Problem statement - Please reproduce all of the data exactly as it appears, but skip the pictures.

Supplied data -

-.-.-

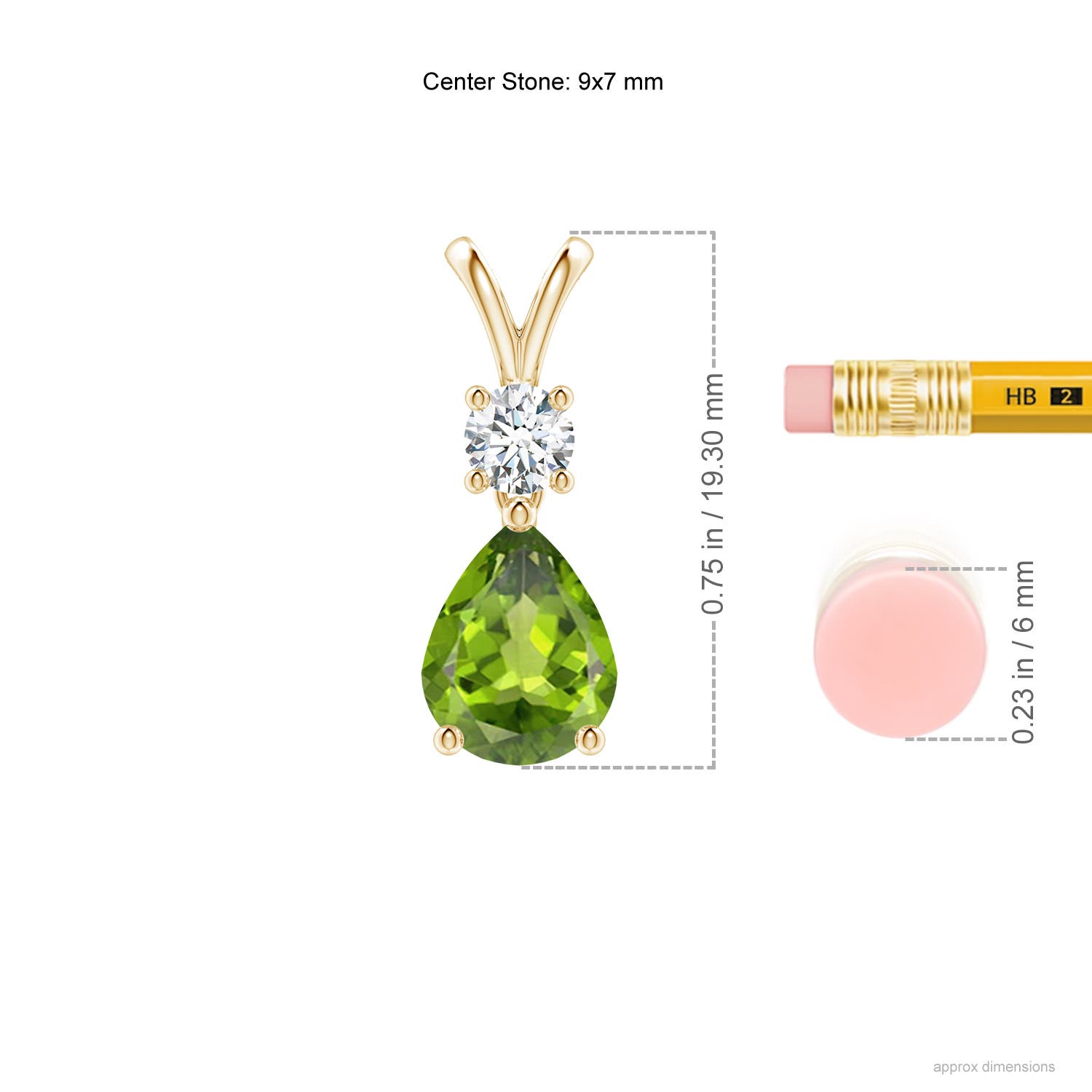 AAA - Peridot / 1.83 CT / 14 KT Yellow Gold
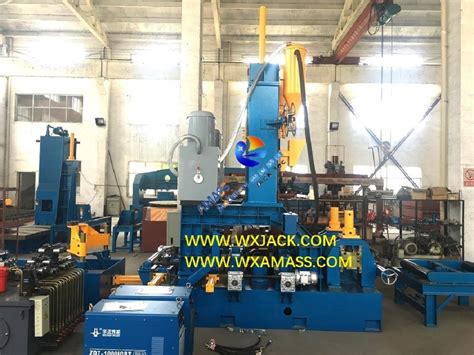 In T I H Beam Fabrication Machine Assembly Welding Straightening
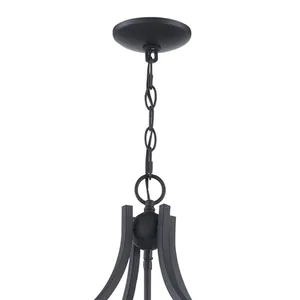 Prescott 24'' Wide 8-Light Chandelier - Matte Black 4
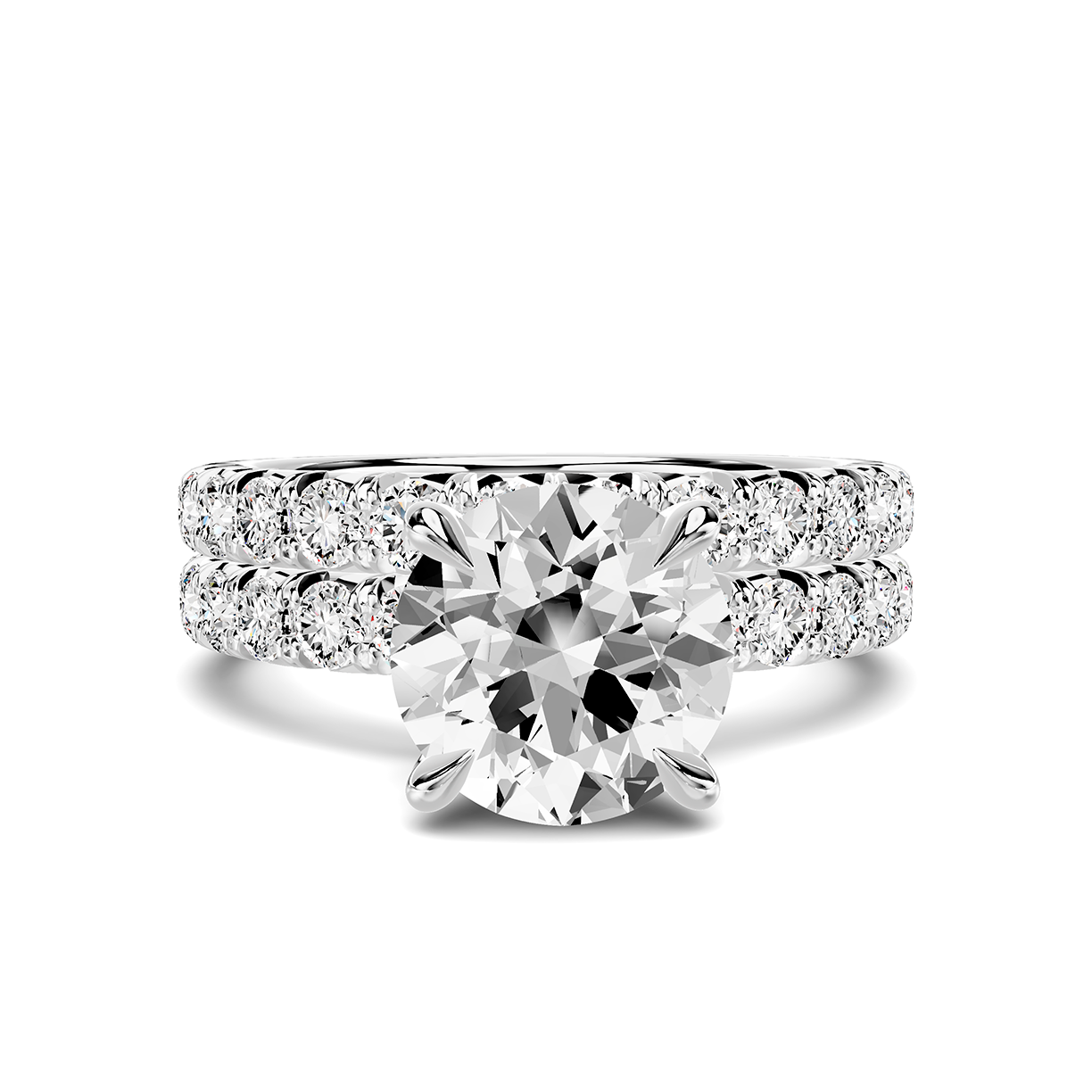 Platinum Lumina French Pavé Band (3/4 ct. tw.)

-.-.-

Response for this exercise -
 AAA - Peridot / 1.83 CT / 14 KT Yellow Gold
 In T I H Beam Fabrication Machine Assembly Welding Straightening
 Prescott 24'' Wide 8-Light Chandelier - Matte Black 4
 Platinum Lumina French Pavé Band (3/4 ct. tw.)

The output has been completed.